Luchino Visconti
PG
Drama
1971
Abroad on a rest holiday, composer Gustav Aschenbach (Dick Bogarde) is to all the world reserved and civilized. But when he glimpses someone who inspires him to give way to a secret passion, it foreshadows his doom. Director Luchino Visconti (Rocco and His Brothers, The Damned) transforms Thomas Mann's classic novel into "a masterwork of power and beauty" (William Wolf, Cue). Like Aschenbach, Visconti is an artist obsessed: his movies are awash in mood, period detail and seething emotions beneath placid surfaces.
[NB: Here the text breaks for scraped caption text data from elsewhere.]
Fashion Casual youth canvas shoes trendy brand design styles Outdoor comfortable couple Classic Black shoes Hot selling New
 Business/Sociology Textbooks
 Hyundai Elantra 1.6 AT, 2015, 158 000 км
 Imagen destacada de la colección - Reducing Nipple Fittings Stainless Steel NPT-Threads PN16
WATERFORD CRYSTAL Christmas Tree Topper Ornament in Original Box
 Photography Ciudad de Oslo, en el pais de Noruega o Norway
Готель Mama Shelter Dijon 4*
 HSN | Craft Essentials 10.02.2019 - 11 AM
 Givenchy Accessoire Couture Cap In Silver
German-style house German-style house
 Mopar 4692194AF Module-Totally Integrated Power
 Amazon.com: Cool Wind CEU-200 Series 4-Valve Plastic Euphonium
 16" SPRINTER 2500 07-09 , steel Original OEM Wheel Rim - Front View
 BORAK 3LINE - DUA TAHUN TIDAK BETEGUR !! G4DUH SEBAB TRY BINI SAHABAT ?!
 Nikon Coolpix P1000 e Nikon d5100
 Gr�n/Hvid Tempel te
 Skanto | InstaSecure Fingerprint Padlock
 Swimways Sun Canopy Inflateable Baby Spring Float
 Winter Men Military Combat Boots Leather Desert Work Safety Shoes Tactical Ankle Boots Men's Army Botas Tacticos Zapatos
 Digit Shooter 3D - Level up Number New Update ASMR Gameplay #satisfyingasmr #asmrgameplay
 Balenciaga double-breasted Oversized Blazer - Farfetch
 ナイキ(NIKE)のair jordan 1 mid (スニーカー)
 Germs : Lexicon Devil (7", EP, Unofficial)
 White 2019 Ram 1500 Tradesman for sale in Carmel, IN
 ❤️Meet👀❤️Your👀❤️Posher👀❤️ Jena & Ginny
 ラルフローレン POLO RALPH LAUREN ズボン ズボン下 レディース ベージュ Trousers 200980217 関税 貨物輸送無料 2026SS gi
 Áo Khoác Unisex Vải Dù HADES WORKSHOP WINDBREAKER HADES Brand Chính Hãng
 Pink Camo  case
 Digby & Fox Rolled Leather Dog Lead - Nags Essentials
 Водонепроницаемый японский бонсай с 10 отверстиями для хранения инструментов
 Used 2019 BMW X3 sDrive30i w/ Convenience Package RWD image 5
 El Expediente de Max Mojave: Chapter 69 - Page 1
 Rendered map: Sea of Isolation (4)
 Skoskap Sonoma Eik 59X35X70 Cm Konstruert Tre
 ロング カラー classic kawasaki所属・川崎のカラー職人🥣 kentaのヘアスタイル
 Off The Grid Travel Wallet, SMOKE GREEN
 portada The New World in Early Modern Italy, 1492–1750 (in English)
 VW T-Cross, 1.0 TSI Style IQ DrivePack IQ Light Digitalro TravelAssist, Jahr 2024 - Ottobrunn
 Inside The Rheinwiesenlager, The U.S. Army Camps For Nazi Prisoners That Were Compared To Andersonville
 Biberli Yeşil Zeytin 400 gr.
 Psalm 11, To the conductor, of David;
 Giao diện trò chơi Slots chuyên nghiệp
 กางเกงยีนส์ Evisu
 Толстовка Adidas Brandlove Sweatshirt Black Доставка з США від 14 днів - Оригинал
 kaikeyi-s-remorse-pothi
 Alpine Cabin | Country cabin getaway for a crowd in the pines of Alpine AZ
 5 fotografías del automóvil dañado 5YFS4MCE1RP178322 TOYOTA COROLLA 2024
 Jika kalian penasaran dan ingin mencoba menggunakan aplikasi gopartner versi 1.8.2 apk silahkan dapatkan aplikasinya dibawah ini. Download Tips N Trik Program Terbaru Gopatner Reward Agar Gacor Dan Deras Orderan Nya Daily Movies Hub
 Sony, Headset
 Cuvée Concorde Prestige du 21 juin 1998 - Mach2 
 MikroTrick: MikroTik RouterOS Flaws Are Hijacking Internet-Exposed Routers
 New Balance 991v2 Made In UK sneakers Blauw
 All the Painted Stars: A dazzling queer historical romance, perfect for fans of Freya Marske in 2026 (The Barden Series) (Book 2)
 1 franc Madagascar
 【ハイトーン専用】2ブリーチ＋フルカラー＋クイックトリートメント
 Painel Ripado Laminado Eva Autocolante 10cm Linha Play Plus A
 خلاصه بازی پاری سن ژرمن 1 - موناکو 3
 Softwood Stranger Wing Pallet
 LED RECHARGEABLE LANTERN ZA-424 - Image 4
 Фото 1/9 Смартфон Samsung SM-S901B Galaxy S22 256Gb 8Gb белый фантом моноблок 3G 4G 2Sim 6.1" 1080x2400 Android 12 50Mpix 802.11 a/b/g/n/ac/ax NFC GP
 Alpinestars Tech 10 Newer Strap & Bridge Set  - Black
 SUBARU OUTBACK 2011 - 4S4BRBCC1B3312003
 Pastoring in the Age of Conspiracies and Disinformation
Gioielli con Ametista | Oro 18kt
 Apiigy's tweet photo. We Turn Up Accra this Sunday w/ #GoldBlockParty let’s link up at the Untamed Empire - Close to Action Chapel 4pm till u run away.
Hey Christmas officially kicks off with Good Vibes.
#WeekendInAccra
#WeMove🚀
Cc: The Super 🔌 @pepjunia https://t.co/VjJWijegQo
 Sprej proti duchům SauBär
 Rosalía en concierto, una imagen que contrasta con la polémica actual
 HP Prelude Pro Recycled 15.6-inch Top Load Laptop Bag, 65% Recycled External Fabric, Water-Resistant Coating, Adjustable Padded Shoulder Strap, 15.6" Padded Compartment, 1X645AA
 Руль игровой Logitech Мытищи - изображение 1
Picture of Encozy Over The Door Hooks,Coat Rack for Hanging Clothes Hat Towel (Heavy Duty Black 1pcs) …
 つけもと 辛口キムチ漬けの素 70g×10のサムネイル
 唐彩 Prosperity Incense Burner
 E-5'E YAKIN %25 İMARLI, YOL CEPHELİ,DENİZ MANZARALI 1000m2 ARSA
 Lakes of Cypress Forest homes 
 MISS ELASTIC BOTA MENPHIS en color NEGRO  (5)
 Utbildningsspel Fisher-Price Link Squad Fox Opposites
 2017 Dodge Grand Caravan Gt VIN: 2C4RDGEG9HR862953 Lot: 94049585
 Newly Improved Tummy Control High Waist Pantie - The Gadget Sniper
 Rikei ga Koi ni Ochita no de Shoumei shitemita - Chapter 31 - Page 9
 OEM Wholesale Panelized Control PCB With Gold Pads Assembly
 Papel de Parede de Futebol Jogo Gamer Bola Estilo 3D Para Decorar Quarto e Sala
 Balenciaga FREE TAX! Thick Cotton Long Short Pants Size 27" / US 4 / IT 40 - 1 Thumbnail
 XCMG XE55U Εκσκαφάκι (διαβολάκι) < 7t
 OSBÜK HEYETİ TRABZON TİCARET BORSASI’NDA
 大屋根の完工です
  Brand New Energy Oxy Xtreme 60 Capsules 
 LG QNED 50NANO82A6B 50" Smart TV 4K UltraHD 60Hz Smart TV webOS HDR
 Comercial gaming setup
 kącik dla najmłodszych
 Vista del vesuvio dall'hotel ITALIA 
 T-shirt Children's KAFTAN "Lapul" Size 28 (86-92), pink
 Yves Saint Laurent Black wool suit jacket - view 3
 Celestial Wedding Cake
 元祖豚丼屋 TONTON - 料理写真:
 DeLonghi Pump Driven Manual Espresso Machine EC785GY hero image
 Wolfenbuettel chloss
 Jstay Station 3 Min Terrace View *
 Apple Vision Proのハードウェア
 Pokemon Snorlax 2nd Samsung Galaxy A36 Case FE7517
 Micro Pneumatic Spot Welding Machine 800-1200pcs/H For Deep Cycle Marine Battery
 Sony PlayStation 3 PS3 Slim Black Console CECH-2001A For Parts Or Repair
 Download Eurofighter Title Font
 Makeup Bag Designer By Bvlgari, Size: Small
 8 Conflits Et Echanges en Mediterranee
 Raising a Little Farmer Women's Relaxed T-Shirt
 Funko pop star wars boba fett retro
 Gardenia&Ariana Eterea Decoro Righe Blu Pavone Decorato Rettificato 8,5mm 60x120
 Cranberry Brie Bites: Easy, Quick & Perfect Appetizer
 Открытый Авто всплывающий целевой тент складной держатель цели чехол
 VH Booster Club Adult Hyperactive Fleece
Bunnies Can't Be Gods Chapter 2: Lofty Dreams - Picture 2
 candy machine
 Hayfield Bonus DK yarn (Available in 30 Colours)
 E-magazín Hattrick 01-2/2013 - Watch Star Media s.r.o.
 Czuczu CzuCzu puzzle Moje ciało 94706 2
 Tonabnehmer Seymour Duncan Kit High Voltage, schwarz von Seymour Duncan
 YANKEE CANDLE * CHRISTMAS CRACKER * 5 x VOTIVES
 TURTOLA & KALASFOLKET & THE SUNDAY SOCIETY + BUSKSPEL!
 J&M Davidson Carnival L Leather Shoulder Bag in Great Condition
Earning its maker a Cannes Film Festival Special 25th Anniversary Prize, Death in Venice - with a soundtrack feast of Gustav Mahler music and a haunting Bogarde performance-is Visconti at his best.
Dirk Bogarde, Bjorn Andreesen
Gustav von Aschenbach: You know sometimes I think that artists are rather like hunters aiming in the dark. They don't know what their target is, and they don't know if they've hit it. But you can't expect life to illuminate the target and steady your aim. The creation of beauty and purity is a spiritual act. Alfred: Non Gustav, no. Beauty belongs to the senses. Only to the senses. Alfred: Do you know what lies at the bottom of the mainstream? Mediocrity.